作品中的感人处,尤其是具有持续感染力的地方,往往正是作者注入“真生命”最多之处。读罢全书,我发现,让我感动的,竟大多和艺术有关——有的暗寓着对艺术的新理解新发现,有的道出了人所未言的艺术奥秘,也有的写了人对艺术的极度虔诚——这一切不是用学理方式揭出,而是在故事中,在生活里,在不动声色娓娓叙述间,突如其来又顺理成章地摆到你面前,一如惊雷闪电,你的思想的模糊处和凌乱的艺术感觉霎时被照亮,让你觉得兴奋,这兴奋很快就转成为感动,并伴有深深的钦佩。这是读文学作品才有的感受,是文学中的思想力量的感染;如读理论书,你会激动,却不会有这么复杂的情感波动。所以,这整个过程,依然是审美的。

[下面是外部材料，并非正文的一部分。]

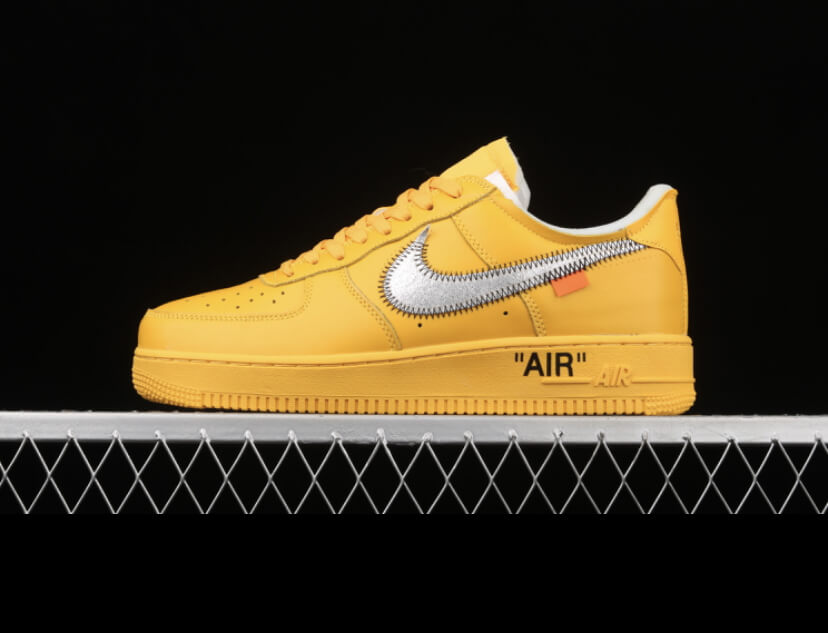 NK air force 1 t off white Low varsity maize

因为篇幅,我不能在这里复述感动我的情节,只能列一个大致的简目——
第一卷第八节,小绸急中生智,用娘家带来的名墨救妯娌镇海媳妇,居然救过来了。“小绸一路做来,自始至终镇静自若,手不抖,心不跳,先前的急躁任性一扫而空。只在最近处,看得见她牙关紧咬,眼光灼亮,脸色铁青,叫人害怕,也因此没人敢拦她。”我为人物隐秘复杂的内心在此陡然展露而感动。此前妯娌间的微妙关系,写得煞是好看,这是从生活来的,但也是作家独创。第十一节,镇海媳妇旧病复发,还是走了,小绸与闵女儿连夜哭着赶绣送殡的牡丹,那半疯狂的场面,是满身精英文化余韵的小绸和民间刺绣巧匠闵女儿的第一次真心合作,也是后来天香园绣的艺术起点。事后细想,用墨救命的细节还真有一点象征性,这仿佛是用艺术救世,有时也会有一点用,但真要让它抵御时运之变,却是不可能的。

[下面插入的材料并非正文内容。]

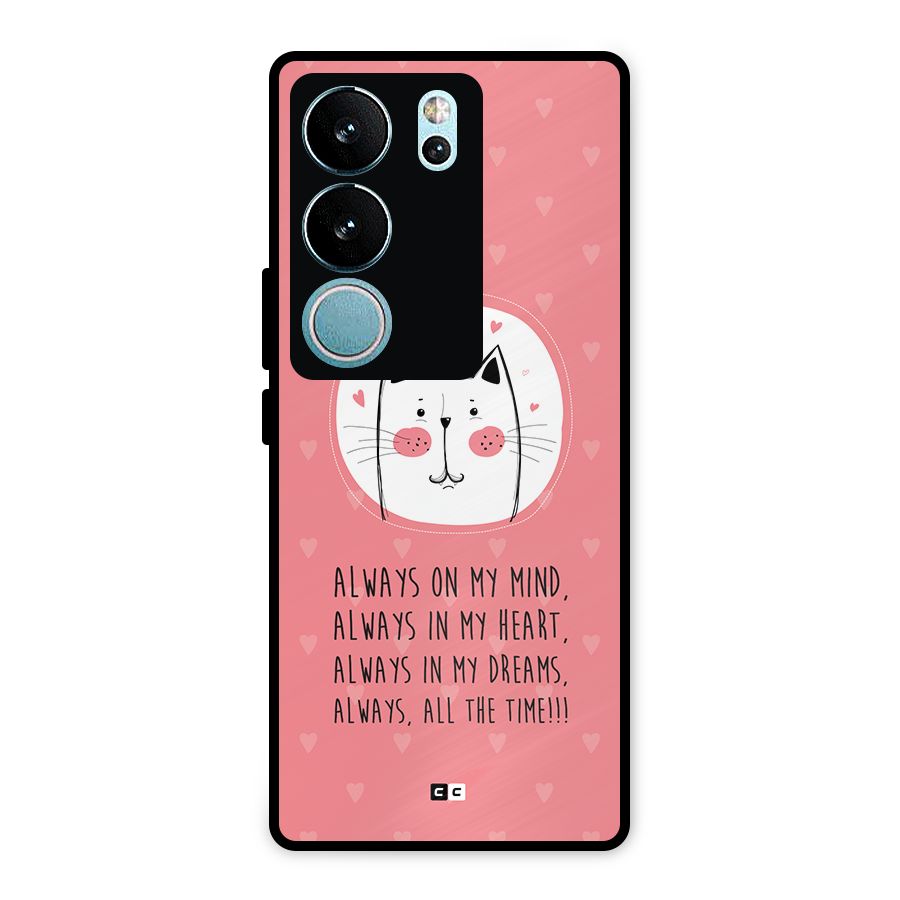 Always In Mind Metal Back Case for Vivo V29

第二卷十九节,新媳妇希昭上楼看刺绣,一看就呆住了,喊多少声也没听见,转回头时,眼神茫茫,这场面也极感人。希昭是天才画家,她想到“以画入绣”,引发了婆婆小绸的不满。小说中两次写董其昌对希昭字画的点拨,都有画龙点睛之妙。最精彩的是二十三节闵女儿爹爹走亲家,这是真正的民间高人,天香园刺绣由闵家而起,闵师傅连接着外面的世界。他讲了三个意味深长的故事,个个透出艺术的神秘。说到紫金庵塑像逼真,他问最难塑的是什么,小绸说是眼睛,希昭说是衣裥,小绸说“眼睛里有精气神”,希昭说“衣裥里有风”,这是婆媳之争,也是才女比高下,体现了新派的家风。闵师傅评价:“精气神是人为,风是天工”,更倾向于媳妇。这虽不是令人落泪的感动,但让人欣悦异常,快乐心境久久不忘。因为有了希昭,顾绣终于引入水墨画的题材构图线条,进入了全新境界。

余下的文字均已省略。